Una catequesis poco
feliz ha hecho que muchos cristianos, sobre todo de mayor edad, vean al
Espíritu Santo como algo raro, que no desempeña ningún papel en sus vidas. Las
lecturas de este domingo podrían ayudarles a cambiar de opinión.
1. El Espíritu Santo: orador y traductor simultaneo
(Hechos 2,1-11).
Los frecuentes viajes que realizamos hoy día nos han hecho conscientes
de la importancia de los idiomas. Cuando solo se trata de comprar un bocadillo
o un refresco no es problema. Pero hablar de la persona de Jesús y de su
mensaje en las más diversas regiones del imperio romano no era nada fácil.
Omitiendo otros muchos pueblos, la lectura de Hechos menciona a partos, medos,
elamitas, habitantes de Mesopotamia, Judea, Capadocia, Ponto, Asia, Frigia,
Panfilia, Egipto, Libia, cretenses y árabes. ¿Cómo pudieron los primeros
cristianos proclamar el evangelio en idiomas tan distintos? Indudablemente,
aprendiendo con enorme dificultad la lengua de cara región, como hicieron más tarde
los misioneros en todas partes del mundo.
El libro de los Hechos hablará de muy diversas actuaciones del
Espíritu. Pero Lucas quiere comenzar por este episodio programático: si el
evangelio se ha extendido por todo el mundo ha sido gracias al Espíritu Santo.
Todo ha sido obra suya: el mensaje y la capacidad de traducirlo a cada lengua. El
mensaje lo resumen los protagonistas en cuatro palabras: “las maravillas de
Dios”. Lo que no acaban de entender es cómo ha sido posible ese fenómeno de
traducción simultánea.
Para contar este acontecimiento, Lucas se inspira en relatos del
Antiguo Testamento. Cuando Dios se revela a Moisés en el Sinaí: “hubo truenos y relámpagos
y una nube espesa sobre el monte... y toda la montaña temblaba” (Ex 19,16.18).
Por otra parte, el profeta Joel había anunciado que la venida del Espíritu iría
acompañada de “prodigios arriba en el cielo y signos abajo en la tierra:
sangre, fuego, columnas de humo”. Lucas no es tan tremendista. Le basta el
ruido de un “viento recio” y lenguas de fuego, que no aterrorizan a nadie, sino
que se posan suavemente sobre cada uno. El viento tiene estrecha relación con
el Espíritu (en hebreo y en griego se usan la misma palabra para ambas
realidades). Las lenguas anticipan ese don asombroso de hablar distintos
idiomas.
2. El Espíritu Santo y el sentirnos hijos de Dios
(Romanos 8,8-17).
Jesús nos enseñó a
llamar a Dios “Padre”. Pero muchos lo siguen viendo como juez severo, dispuesto
a castigar nuestros pecados, que infunde temor; otros, como un ser lejano,
desinteresado de nuestros sufrimientos y preocupaciones.

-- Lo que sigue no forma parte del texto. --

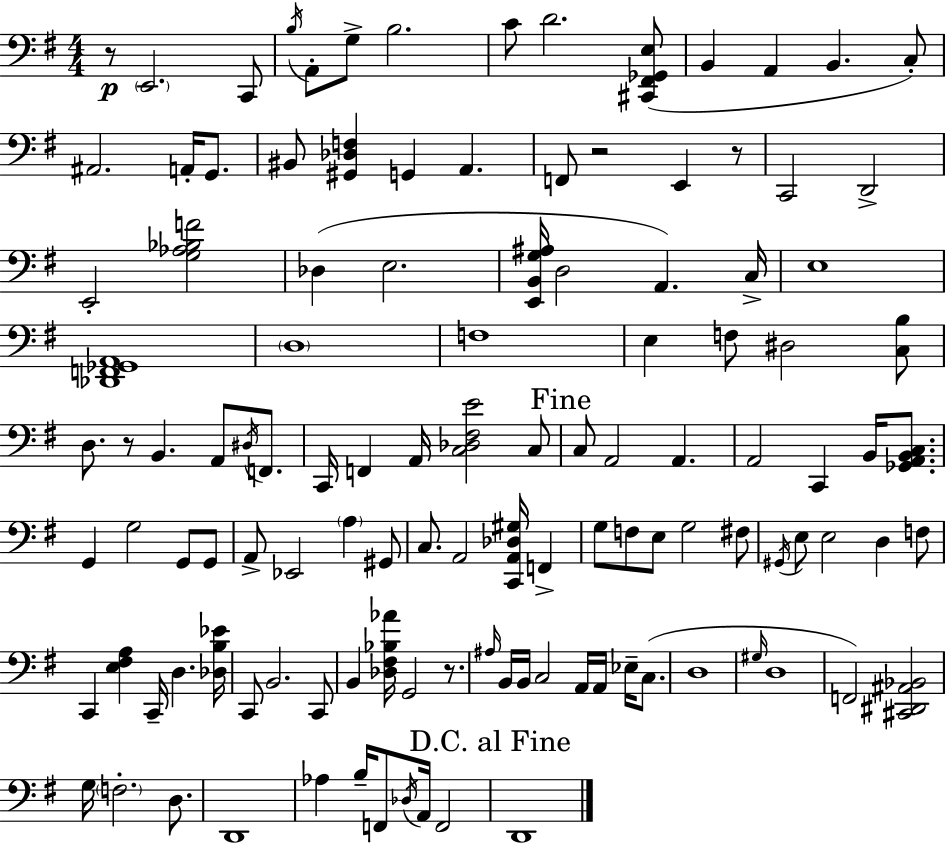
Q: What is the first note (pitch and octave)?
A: E2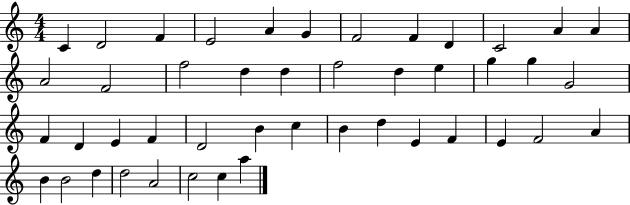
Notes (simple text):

C4/q D4/h F4/q E4/h A4/q G4/q F4/h F4/q D4/q C4/h A4/q A4/q A4/h F4/h F5/h D5/q D5/q F5/h D5/q E5/q G5/q G5/q G4/h F4/q D4/q E4/q F4/q D4/h B4/q C5/q B4/q D5/q E4/q F4/q E4/q F4/h A4/q B4/q B4/h D5/q D5/h A4/h C5/h C5/q A5/q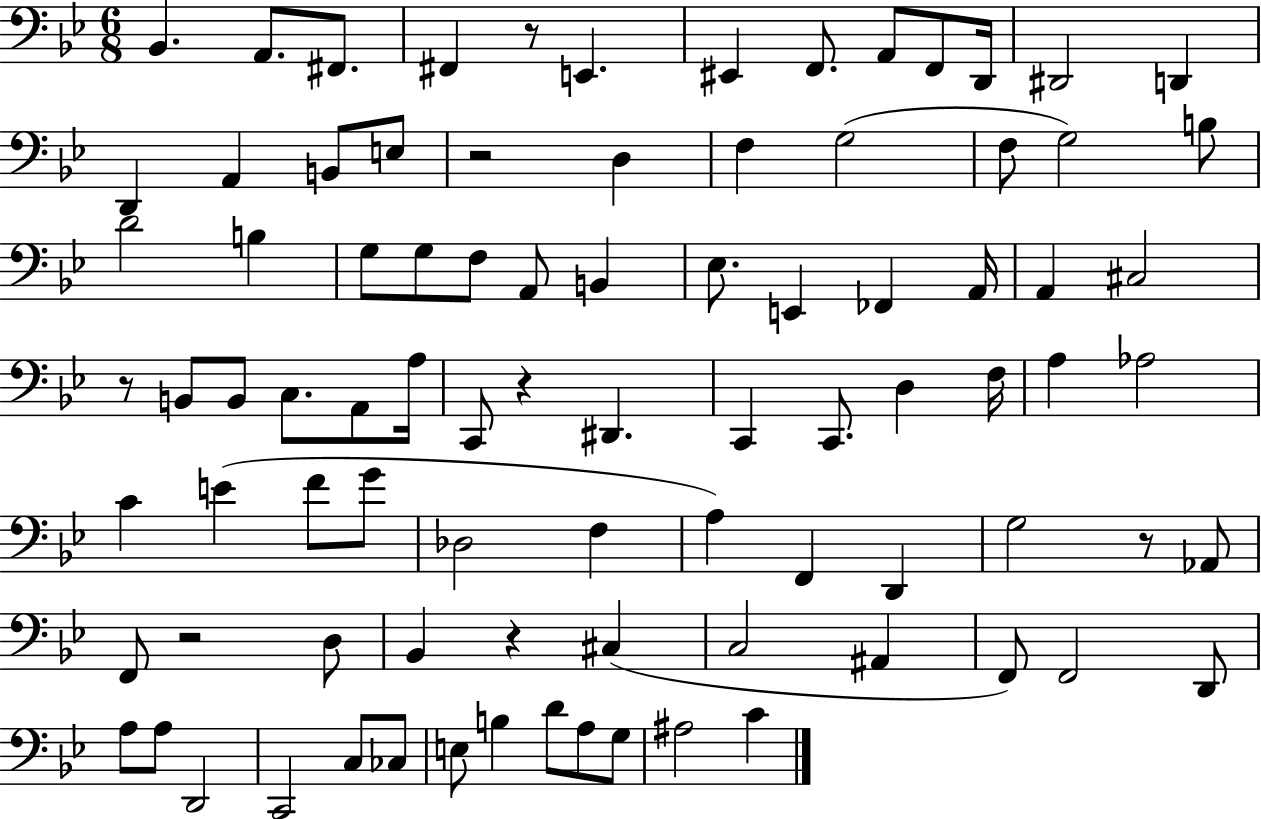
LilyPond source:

{
  \clef bass
  \numericTimeSignature
  \time 6/8
  \key bes \major
  bes,4. a,8. fis,8. | fis,4 r8 e,4. | eis,4 f,8. a,8 f,8 d,16 | dis,2 d,4 | \break d,4 a,4 b,8 e8 | r2 d4 | f4 g2( | f8 g2) b8 | \break d'2 b4 | g8 g8 f8 a,8 b,4 | ees8. e,4 fes,4 a,16 | a,4 cis2 | \break r8 b,8 b,8 c8. a,8 a16 | c,8 r4 dis,4. | c,4 c,8. d4 f16 | a4 aes2 | \break c'4 e'4( f'8 g'8 | des2 f4 | a4) f,4 d,4 | g2 r8 aes,8 | \break f,8 r2 d8 | bes,4 r4 cis4( | c2 ais,4 | f,8) f,2 d,8 | \break a8 a8 d,2 | c,2 c8 ces8 | e8 b4 d'8 a8 g8 | ais2 c'4 | \break \bar "|."
}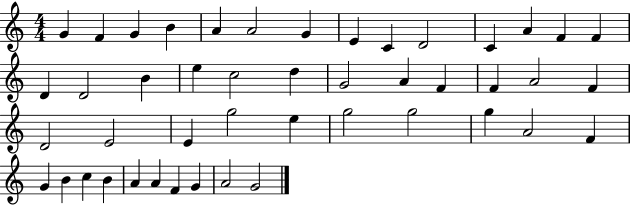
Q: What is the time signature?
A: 4/4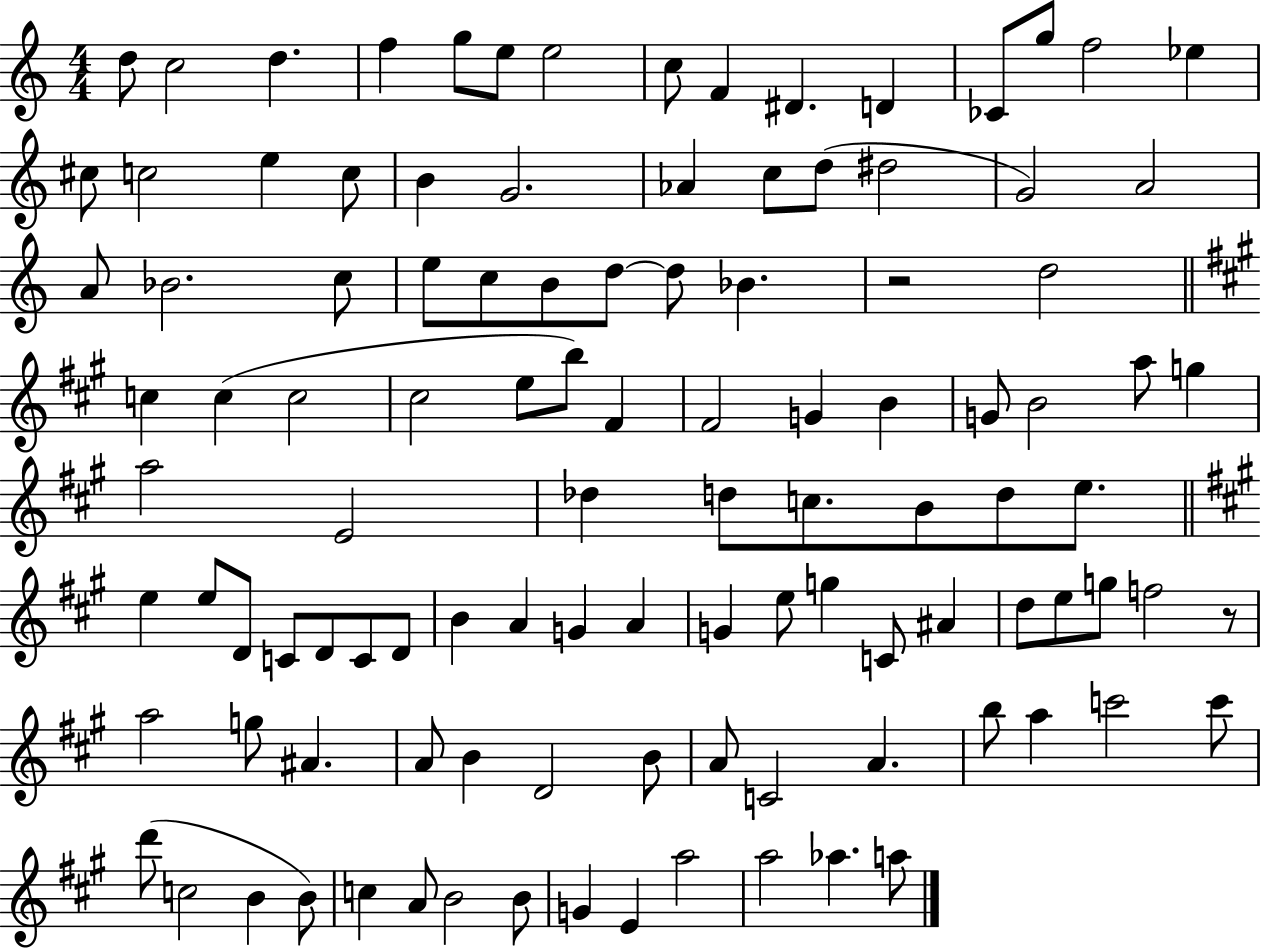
{
  \clef treble
  \numericTimeSignature
  \time 4/4
  \key c \major
  d''8 c''2 d''4. | f''4 g''8 e''8 e''2 | c''8 f'4 dis'4. d'4 | ces'8 g''8 f''2 ees''4 | \break cis''8 c''2 e''4 c''8 | b'4 g'2. | aes'4 c''8 d''8( dis''2 | g'2) a'2 | \break a'8 bes'2. c''8 | e''8 c''8 b'8 d''8~~ d''8 bes'4. | r2 d''2 | \bar "||" \break \key a \major c''4 c''4( c''2 | cis''2 e''8 b''8) fis'4 | fis'2 g'4 b'4 | g'8 b'2 a''8 g''4 | \break a''2 e'2 | des''4 d''8 c''8. b'8 d''8 e''8. | \bar "||" \break \key a \major e''4 e''8 d'8 c'8 d'8 c'8 d'8 | b'4 a'4 g'4 a'4 | g'4 e''8 g''4 c'8 ais'4 | d''8 e''8 g''8 f''2 r8 | \break a''2 g''8 ais'4. | a'8 b'4 d'2 b'8 | a'8 c'2 a'4. | b''8 a''4 c'''2 c'''8 | \break d'''8( c''2 b'4 b'8) | c''4 a'8 b'2 b'8 | g'4 e'4 a''2 | a''2 aes''4. a''8 | \break \bar "|."
}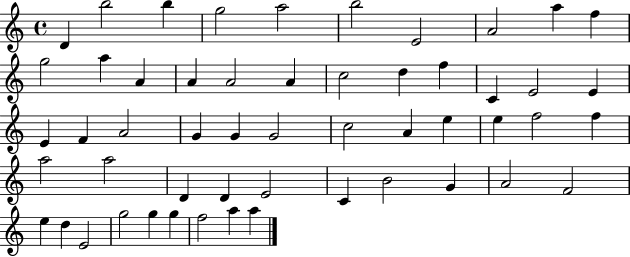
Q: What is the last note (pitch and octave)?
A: A5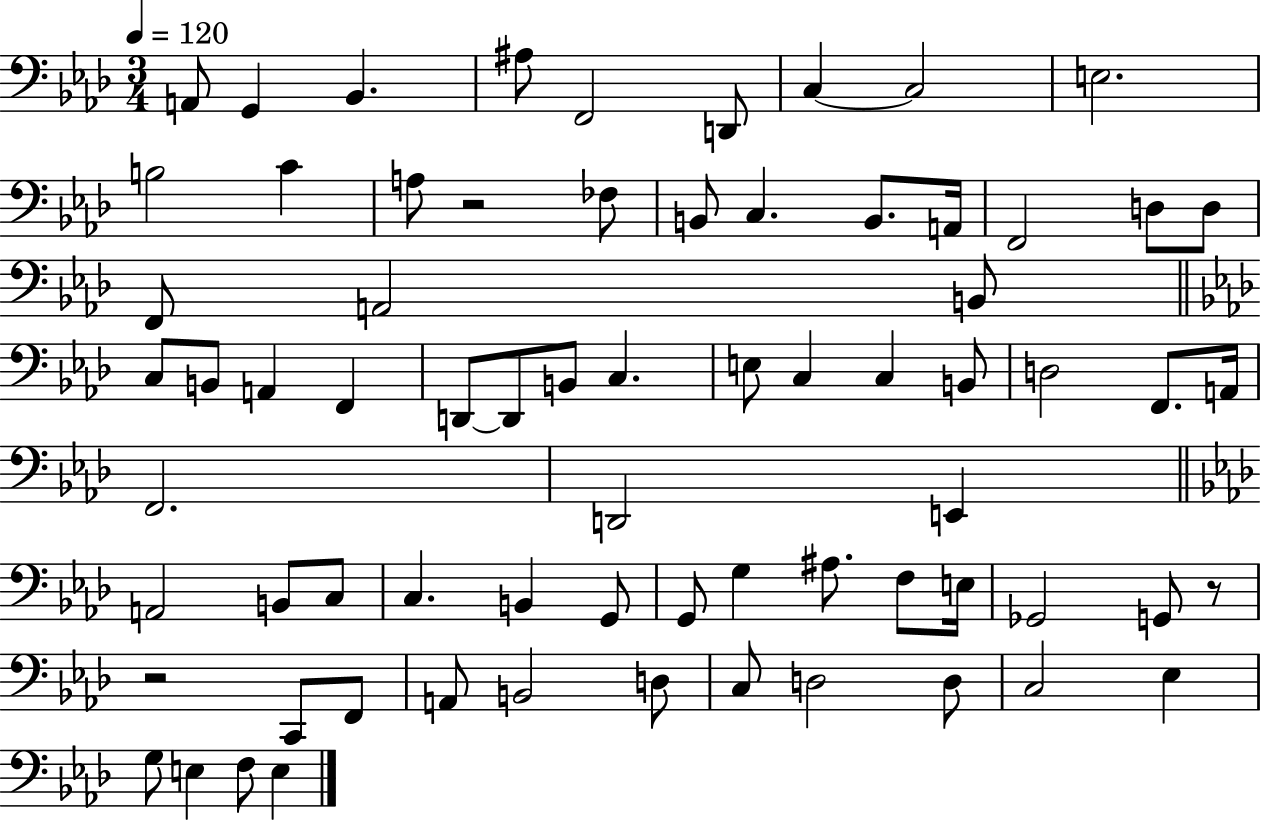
X:1
T:Untitled
M:3/4
L:1/4
K:Ab
A,,/2 G,, _B,, ^A,/2 F,,2 D,,/2 C, C,2 E,2 B,2 C A,/2 z2 _F,/2 B,,/2 C, B,,/2 A,,/4 F,,2 D,/2 D,/2 F,,/2 A,,2 B,,/2 C,/2 B,,/2 A,, F,, D,,/2 D,,/2 B,,/2 C, E,/2 C, C, B,,/2 D,2 F,,/2 A,,/4 F,,2 D,,2 E,, A,,2 B,,/2 C,/2 C, B,, G,,/2 G,,/2 G, ^A,/2 F,/2 E,/4 _G,,2 G,,/2 z/2 z2 C,,/2 F,,/2 A,,/2 B,,2 D,/2 C,/2 D,2 D,/2 C,2 _E, G,/2 E, F,/2 E,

Si somos cristianos,
si estamos bautizados y hemos recibido el Espíritu, ¿cómo podemos pensar de esa
manera?
La carta a los Romanos ilumina este contraste.
Hemos recibido un espíritu de hijos, el Espíritu atestigua que somos hijos de
Dios y herederos suyos. Pero no somos los hijos de un millonario que heredarán
todo automáticamente mientras se dedican a derrochar la fortuna de la familia.
Además de ser hijos hay que sentirse hijos, dejándose llevar por el Espíritu;
para heredar con Jesús hay que compartir su pasión. En muchas ocasiones, lo
difícil será conjugar estas dos experiencias: la del sufrimiento, la pasión, y
la de la paternidad de Dios. Esa fe necesaria para llamar a Dios “Padre”, como
hace Jesús en el huerto de los olivos, incluso cuando están cerca el
sufrimiento y la muerte. Y esto lo conseguimos gracias al Espíritu.
3. El Espíritu Santo, un premio sorpresa (Juan
14,15-16.23b-26).
“Si te portas bien,
tendrás un premio”, dicen muchos padres a sus hijos. “Si me amáis y guardáis
mis mandamientos, tendréis dos premios”, dice Jesús a sus discípulos. El
primero será un ser misterioso que les servirá de consuelo cuando Jesús esté
ausente. El segundo, la visita del mismo Padre y de Jesús, no una visita rápida
y de compromiso sino quedarse con nosotros de forma permanente. Y termina
aclarando quién es ese ser misterioso del primer premio: el Espíritu Santo. Este
regalo no es un objeto inerte que nos limitamos a contemplar. Nos recuerda todo
lo que dijo Jesús y nos enseña a cómo ponerlo en práctica. Consuelo, enseñanza
y recuerdo, tres efectos del Espíritu en todos nosotros.